### Your task
Exclude any images and output the remaining records exactly.

--------------------------------

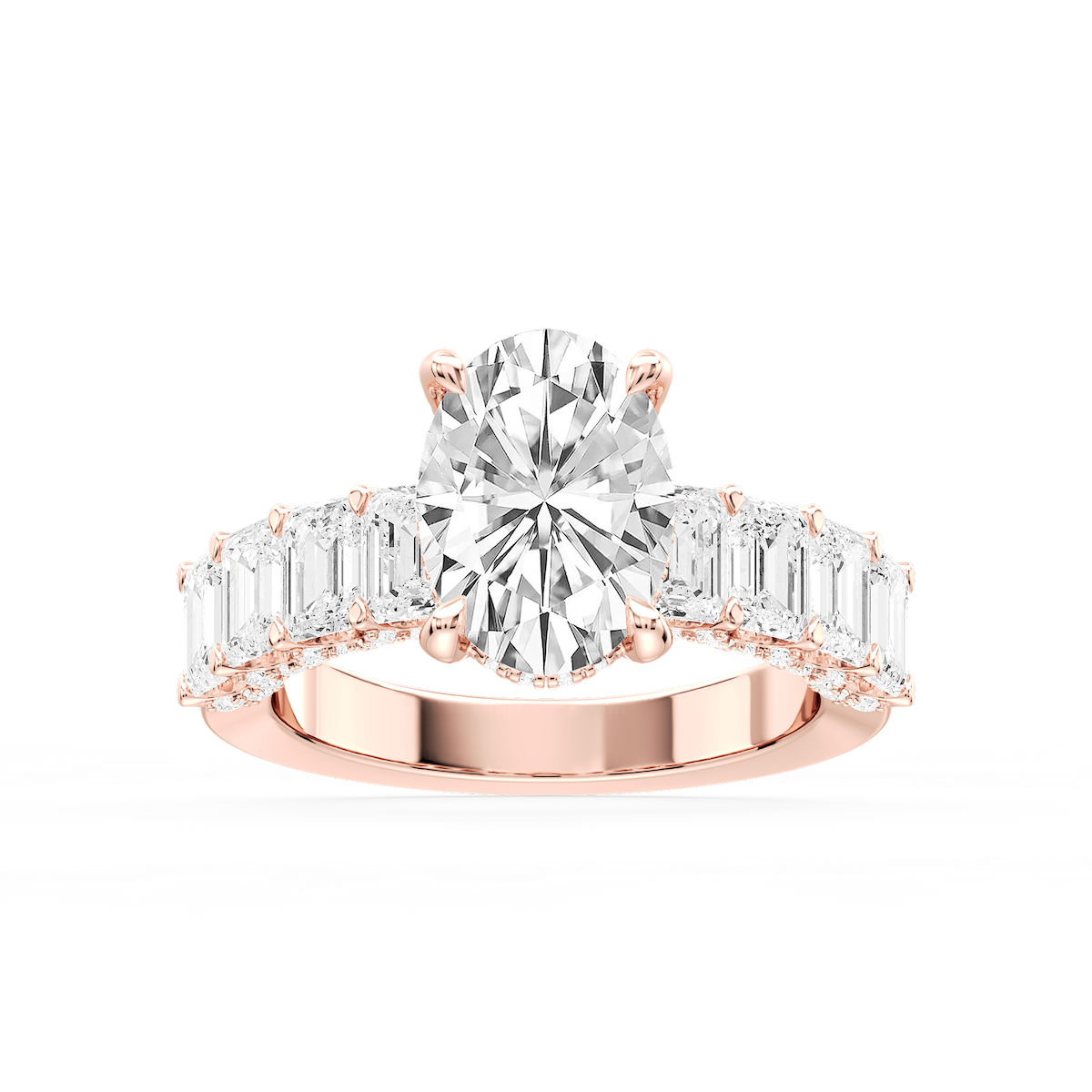 Claire Oval Lab Grown Diamond Hidden Halo Engagement Ring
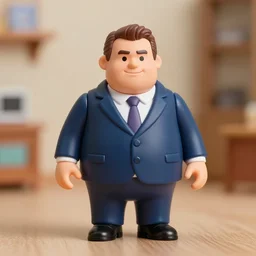 product photograph of an action figure of viktor orban in suit by hasbro, fat, mad, popular, collectible, toy figure, kawaii, toys, out of focus room background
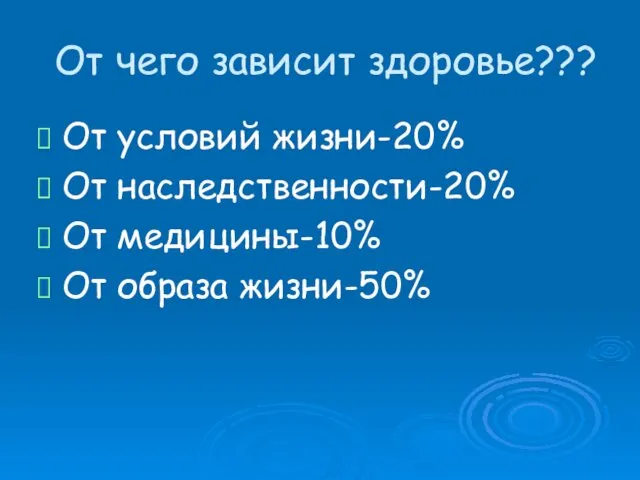 От чего зависит здоровье??? От условий жизни-20% От наследственности-20% От медицины-10% От образа жизни-50%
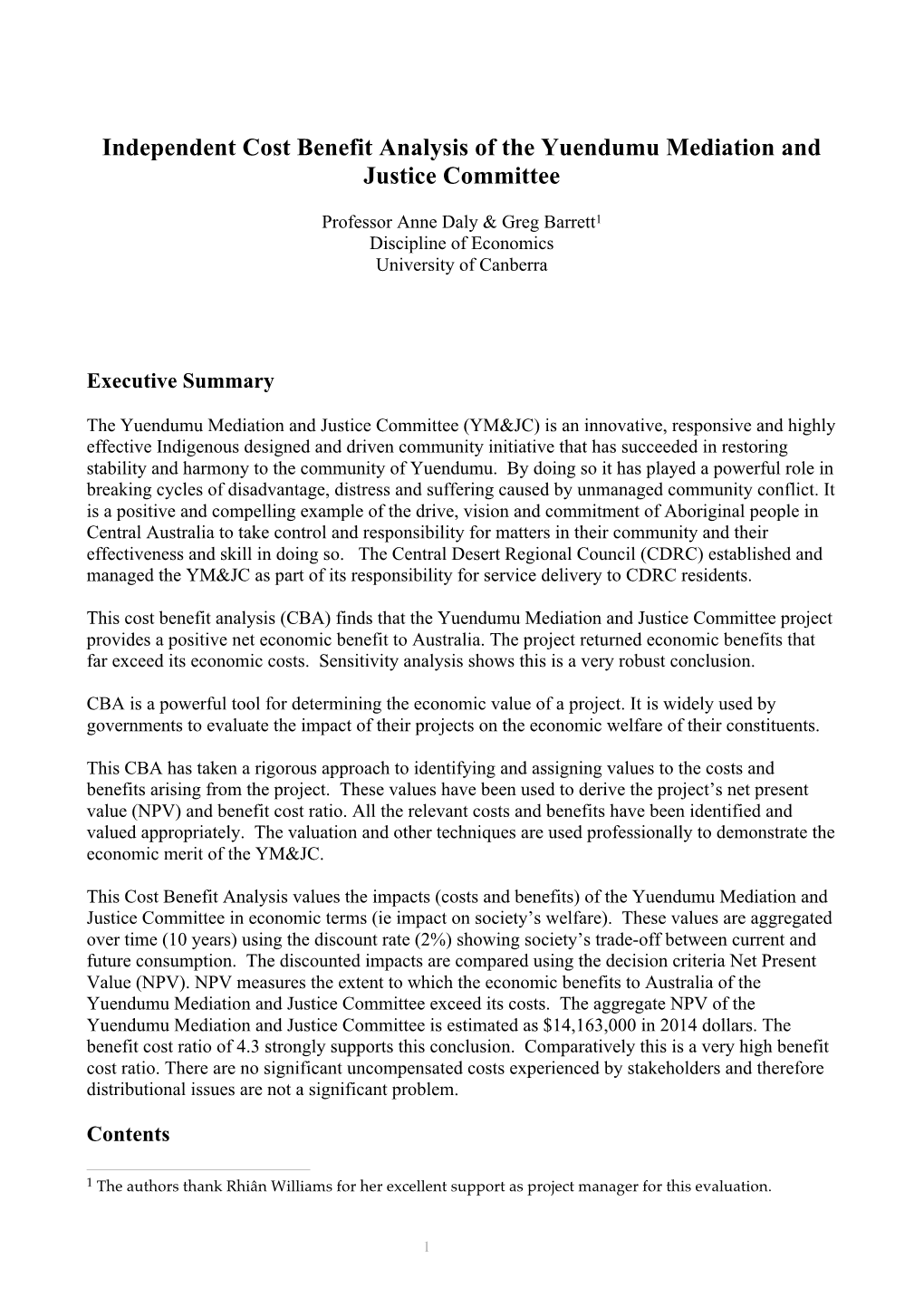 Independent Cost Benefit Analysis of the Yuendumu Mediation and Justice Committee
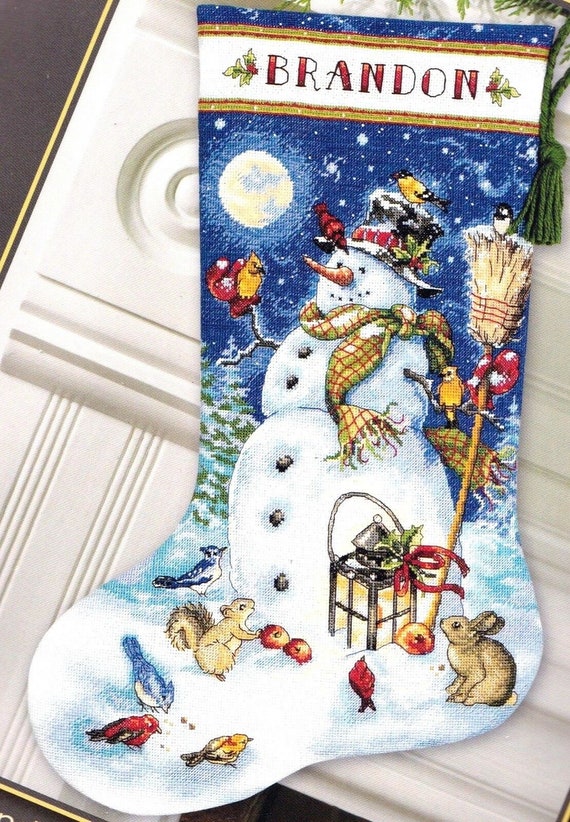 Design Works Counted Cross Stitch Stocking Kit 17 Long Snowman with Cats (14 Count)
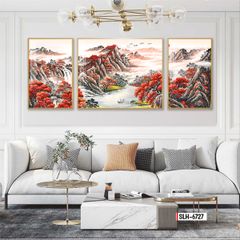 TRANH TREO TƯỜNG PHÒNG KHÁCH - TRANH PHONG CẢNH GHÉP BỘ 3 BỨC | MÃ SLH-6727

--------------------------------

### Exercise result
 Claire Oval Lab Grown Diamond Hidden Halo Engagement Ring
 product photograph of an action figure of viktor orban in suit by hasbro, fat, mad, popular, collectible, toy figure, kawaii, toys, out of focus room background
 От чего зависит здоровье??? От условий жизни-20% От наследственности-20% От медицины-10% От образа жизни-50%
 Independent Cost Benefit Analysis of the Yuendumu Mediation and Justice Committee
 Design Works Counted Cross Stitch Stocking Kit 17 Long Snowman with Cats (14 Count)
 TRANH TREO TƯỜNG PHÒNG KHÁCH - TRANH PHONG CẢNH GHÉP BỘ 3 BỨC | MÃ SLH-6727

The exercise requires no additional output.